Zehn Jahre Anspruch auf Kita-Betreuung: Wird jedes Kind versorgt?
Das Recht auf einen Betreuungsplatz schon im Kleinkindalter: Auf den Tag genau vor zehn Jahren wurde es eingeführt. Nun gibt es zwar mehr Kinder in den Einrichtungen - es fehlen aber Erzieherinnen und Erzieher.
Die beiden Söhne von Marie (Namen geändert) waren noch gar nicht geboren, als der Rechtsanspruch auf einen Kita-Platz Realität wurde. Jahre später bekamen auch sie einen Betreuungsplatz. Über den gesetzlich verbrieften Anspruch, der für alle Kinder ab dem vollendeten ersten Lebensjahr gilt, ist die Mutter froh. "Ich möchte arbeiten, und ich muss auch arbeiten", sagt sie im Gespräch mit dem NDR in Niedersachsen. "Ohne Krippenplatz wären wir aufgeschmissen."
Zahl der Kita-Kinder verdoppelt
Fast doppelt so viele Kleinkinder wie noch vor zehn Jahren besuchen inzwischen eine Kita, mehr als 61.000 waren es im vergangenen Jahr. Das geht aus Zahlen des Kultusministeriums hervor. Wurden 2013 noch knapp 19 Prozent aller Kinder unter drei Jahren in einer Kita betreut, waren es zuletzt 26,7 Prozent. Auf dem Papier scheint der Rechtsanspruch also gewirkt zu haben.
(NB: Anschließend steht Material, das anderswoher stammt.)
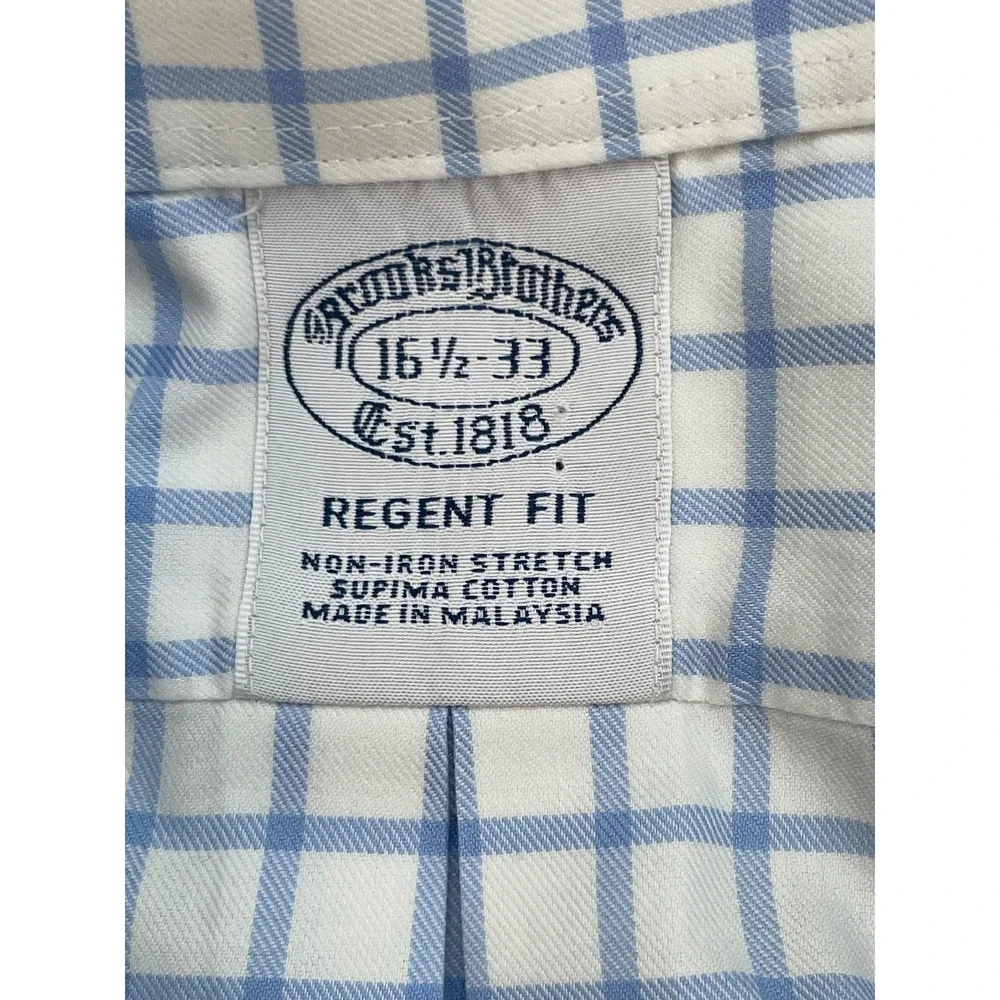 Brooks Brothers Shirt Mens 16.5-33 Check 100% Supima Cotton Regent Fit Button Up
Suche nach Kita-Platz: "Man nimmt, was man kriegt"
In der Praxis gestaltet sich die Suche nach einer Kita oder Krippe aber äußerst schwierig für Eltern. "Man nimmt, was man kriegt", sagt Marie. Es gebe immer noch zu wenig Betreuungsplätze. Tatsächlich kommt es weiterhin vor, dass ein Kind leer ausgeht und keinen Platz bekommt. Wie häufig das passiert, kann das Kultusministerium nicht beziffern.
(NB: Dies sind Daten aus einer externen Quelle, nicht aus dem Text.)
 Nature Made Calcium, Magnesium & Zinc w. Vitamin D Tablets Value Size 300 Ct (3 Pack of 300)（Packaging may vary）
Mehr Kinder - aber nicht mehr Personal
Das Problem: Überall herrscht Personalmangel. Ein Paragraf im Gesetz kann schließlich keine Erzieherinnen und Erzieher herbeibestimmen. "Es gehen viel mehr Kinder in die Einrichtungen - ohne dass die Erziehungskräfte aufgestockt wurden", beschreibt Melanie Krause die Auswirkungen des Rechtsanspruchs. Die Vorsitzende des Kita-Fachkräfteverbands Niedersachsen berichtet von neu gebauten Kindertagesstätten, die nicht eröffnen konnten, weil das Personal fehlte. Sie befürworte den Rechtsanspruch, doch es müsse auch in den Einrichtungen nachgesteuert werden, sagt Krause.
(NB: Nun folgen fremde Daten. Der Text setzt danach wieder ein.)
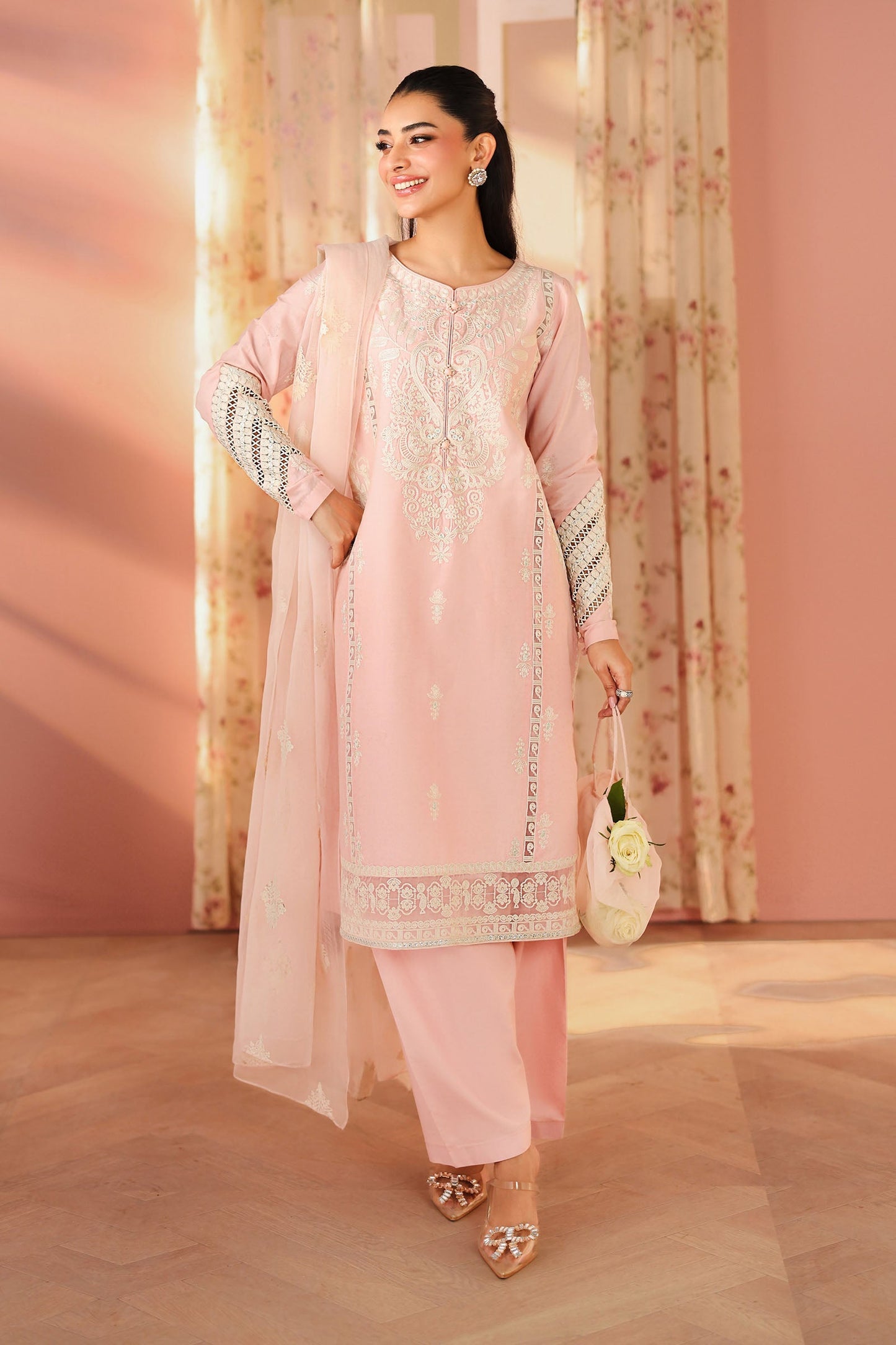 Maria B | Pre Fall Dresses | 3 Piece Embroidered Dobby Suit DD - Pakistani Designer Dress - by Maria B - Type : Ladies Clothes - 100% Original at Saira Sultan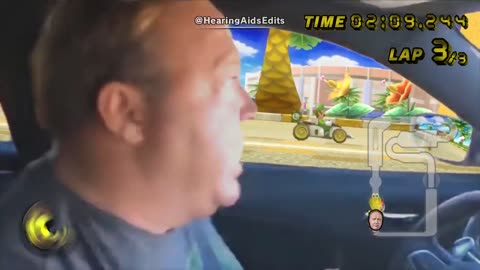 Alex Jones Loses Mario Kart Race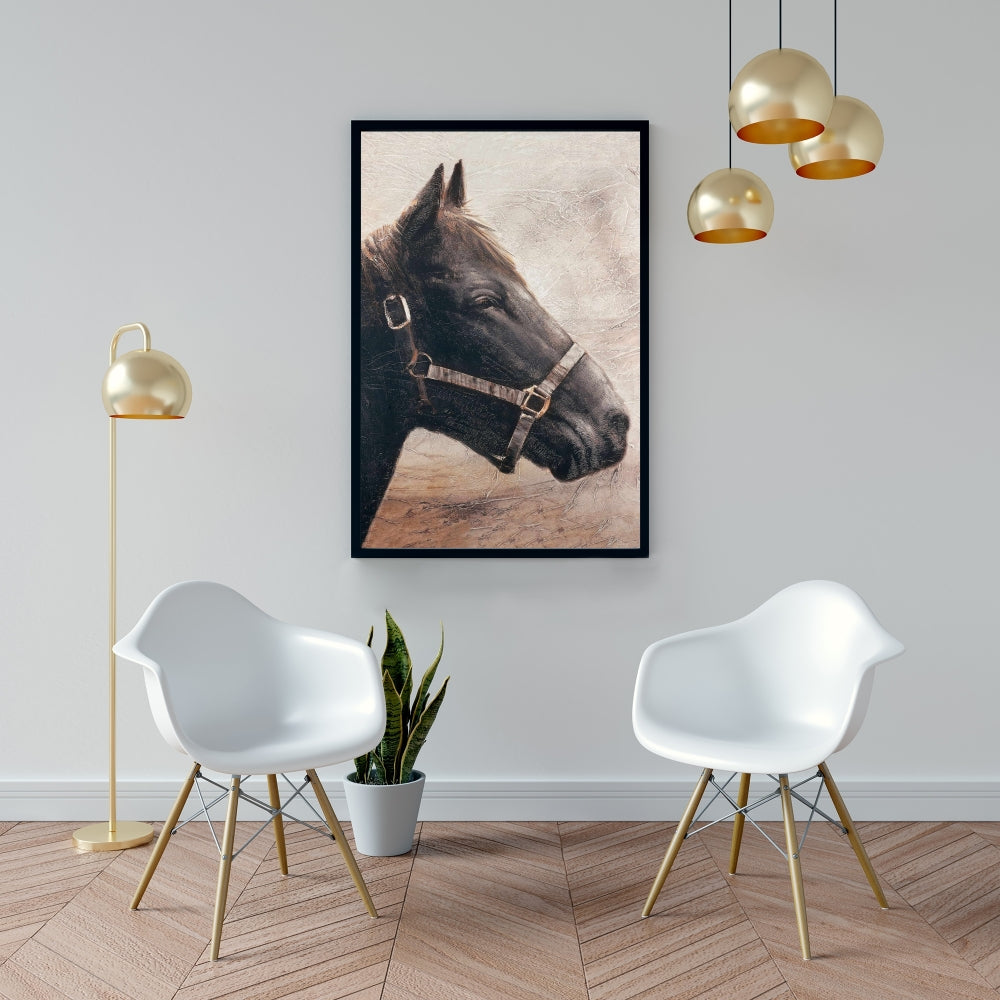 Gallopin the Brown Horse Canvas | Farm Animal Decor | Bedroom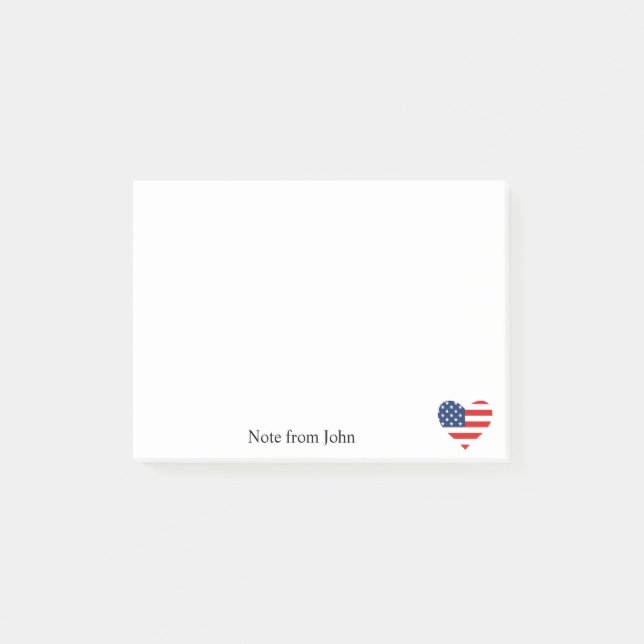  Patriotism America USA Flag Heart Custom   Post-it Notes (Front)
Betreuungszeiten werden verkürzt
Der Personalmangel sorgt derzeit beispielsweise in Osnabrück dafür, dass die Kinderbetreuung in den städtischen Kitas bereits um 14 Uhr endet. Mehr ist mit dem vorhandenen Personal nicht zu schaffen. Anderenorts werden Gruppen zusammengelegt, weniger Betreuerinnen müssen sich dann um mehr Kinder kümmern.
Quantität vor Qualität?
"Wir stecken mehr in die Quantität als in die Qualität", befürchtet Krause. Qualität, das bedeute für sie als Erzieherin, mehr Zeit für die Kinder zu haben, auf sie persönlich einzugehen - und sie auch für den Weg in die Grundschule vorbereiten zu können. "Das können wir gar nicht mehr in dem Ausmaß leisten, wie wir es gerne hätten,", sagt Krause. Sie warnt: Wenn es so weiter geht, "dann sind wir nachher in der Betreuung, wo wir vor 20 Jahren waren".
Eltern in der Zwickmühle
Viele Eltern stecken in einer Zwickmühle: "Sie sind froh, wenn sie überhaupt einen Krippenplatz bekommen und arbeiten gehen können", sagt Janine Herzberger von der Landeselternvertretung niedersächsischer Kindertagesstätten. Andererseits verzichteten die Eltern "gezwungenermaßen auf Qualität und bessere frühkindliche Bildung". Nicht zuletzt Kinder mit besonderen Förderbedarfen gingen in dieser Situation unter.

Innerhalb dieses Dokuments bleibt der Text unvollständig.